A legally binding, standardized agreement to buy or sell a standardized commodity, specifying quantity and quality at a set price on a future date. Some futures contracts, such as the CME Live Cattle and CME British Pound contracts, call for physical delivery of the commodity. Other futures contracts, such as the CME S&P 500 and CME Eurodollar contracts, are cash-settled and do not have a physical delivery provision. If these contracts are not liquidated by the Last Trading Day, the position is closed out by comparing the position’s price against a special Final Settlement Price, and debiting or crediting the position accordingly.

How Do Futures Markets Benefit Society?

The futures markets can help manage the risks that are part of doing business. This can mean lower costs to you as a consumer, because a well-run business is usually able to bring its goods and services to market more efficiently at a lower cost. The fewer risks a business has to take, the lower the end price it needs to make a profit. That,s really the free enterprise system at its best, and futures markets play a vital role in this process.
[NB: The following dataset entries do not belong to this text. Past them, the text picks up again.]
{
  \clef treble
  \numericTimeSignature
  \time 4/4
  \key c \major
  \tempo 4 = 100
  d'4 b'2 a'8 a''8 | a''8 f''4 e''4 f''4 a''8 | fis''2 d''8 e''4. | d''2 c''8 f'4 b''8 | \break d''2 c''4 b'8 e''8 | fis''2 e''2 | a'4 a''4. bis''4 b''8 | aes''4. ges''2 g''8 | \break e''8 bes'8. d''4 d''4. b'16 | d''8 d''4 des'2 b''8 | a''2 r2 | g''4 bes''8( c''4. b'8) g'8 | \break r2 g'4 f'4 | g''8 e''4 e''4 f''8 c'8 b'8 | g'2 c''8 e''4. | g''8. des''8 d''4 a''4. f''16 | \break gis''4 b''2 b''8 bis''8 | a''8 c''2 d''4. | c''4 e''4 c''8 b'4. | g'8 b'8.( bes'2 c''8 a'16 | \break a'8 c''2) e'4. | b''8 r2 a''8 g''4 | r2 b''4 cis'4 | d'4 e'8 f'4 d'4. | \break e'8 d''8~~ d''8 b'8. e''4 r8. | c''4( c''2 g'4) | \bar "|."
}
Also, firms that manage their risks tend to be more dependable employers. If you work for a company that deals with overseas customers or suppliers, for example, you have an interest in how well your company copes with foreign exchange rates and how well it manages the risk of fluctuating interest rates to protect its profits. Hedging with futures can assist with this
aspect of your employer’s operations.

Naturally, if you work for a futures exchange or a firm involved in trading, futures markets are particularly important to you. Futures markets are a part of the business scene in this country. Used knowledgeably and appropriately, futures and options markets can be a valuable asset in the business of doing business, which affects each of us.

Global Perspective
We’ve been talking about the structure and function of U. S. futures exchanges, but the picture would not be complete without taking a look at the world outside of Chicago and New York.
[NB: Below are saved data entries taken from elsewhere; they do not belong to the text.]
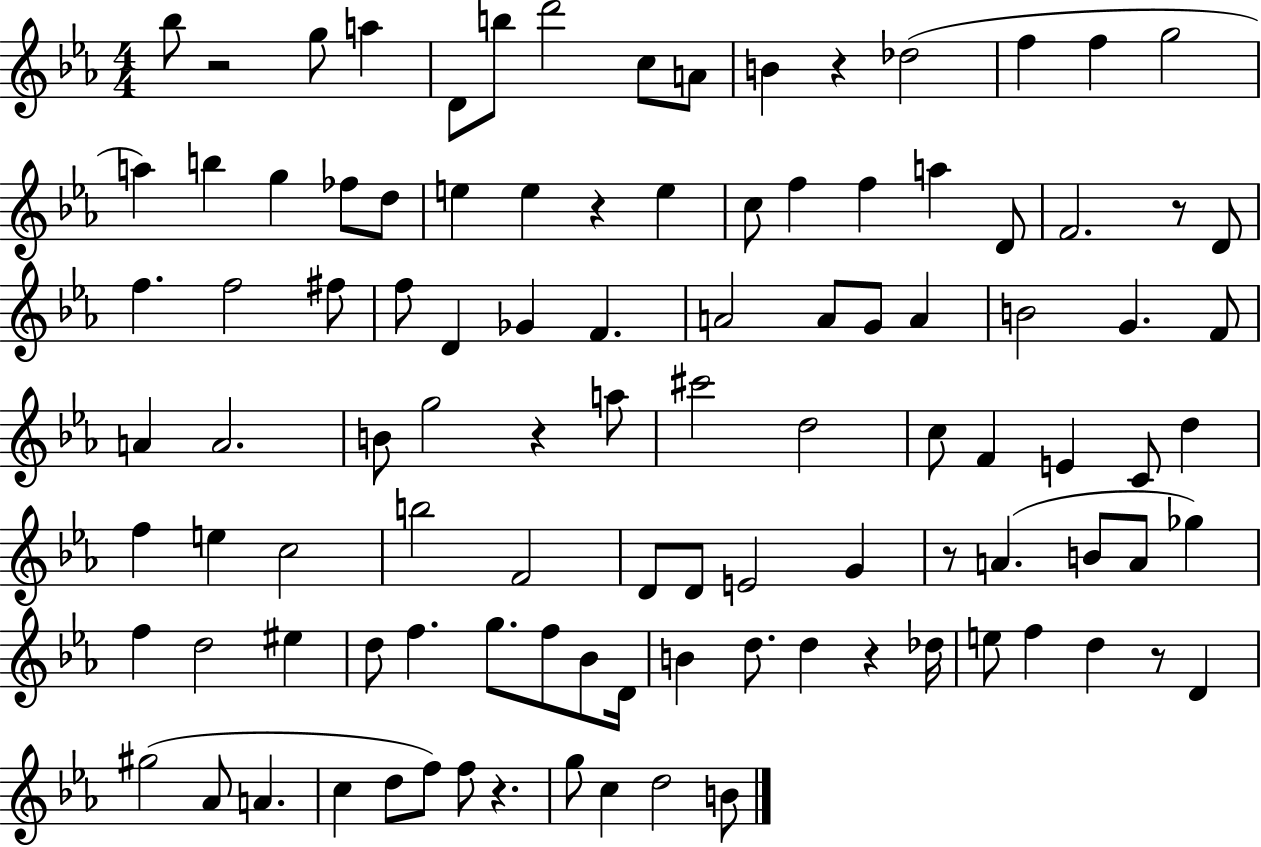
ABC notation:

X:1
T:Untitled
M:4/4
L:1/4
K:Eb
_b/2 z2 g/2 a D/2 b/2 d'2 c/2 A/2 B z _d2 f f g2 a b g _f/2 d/2 e e z e c/2 f f a D/2 F2 z/2 D/2 f f2 ^f/2 f/2 D _G F A2 A/2 G/2 A B2 G F/2 A A2 B/2 g2 z a/2 ^c'2 d2 c/2 F E C/2 d f e c2 b2 F2 D/2 D/2 E2 G z/2 A B/2 A/2 _g f d2 ^e d/2 f g/2 f/2 _B/2 D/4 B d/2 d z _d/4 e/2 f d z/2 D ^g2 _A/2 A c d/2 f/2 f/2 z g/2 c d2 B/2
In fact, while there are just nine futures exchanges in the U.S. today, there are more than 50 futures exchanges elsewhere. The exchanges outside the U.S. now do over 65% of global futures business; U.S. exchanges do 35%. So although Chicago provided the prototype or model for futures markets, you really have to look around the world to get an accurate perspective of today’s futures trading industry.

For example, while open outcry on a trading floor is still the U.S. model, the majority of trading on exchanges abroad is done electronically. Just as other countries may have initially learned futures from Chicago, Chicago and other U.S. exchanges are now learning from the rest of the world. It wasn’t until the early 1990s that some major U.S. exchanges first began allowing electronic trading of their products after their floors shut down each day. Now, at CME, virtually all contracts trade at some point electronically each trading day, and specific products (such as the CME E-mini S&P 500 and CME E-mini NASDAQ-100 futures contracts) trade only electronically, never through open outcry on the trading floors.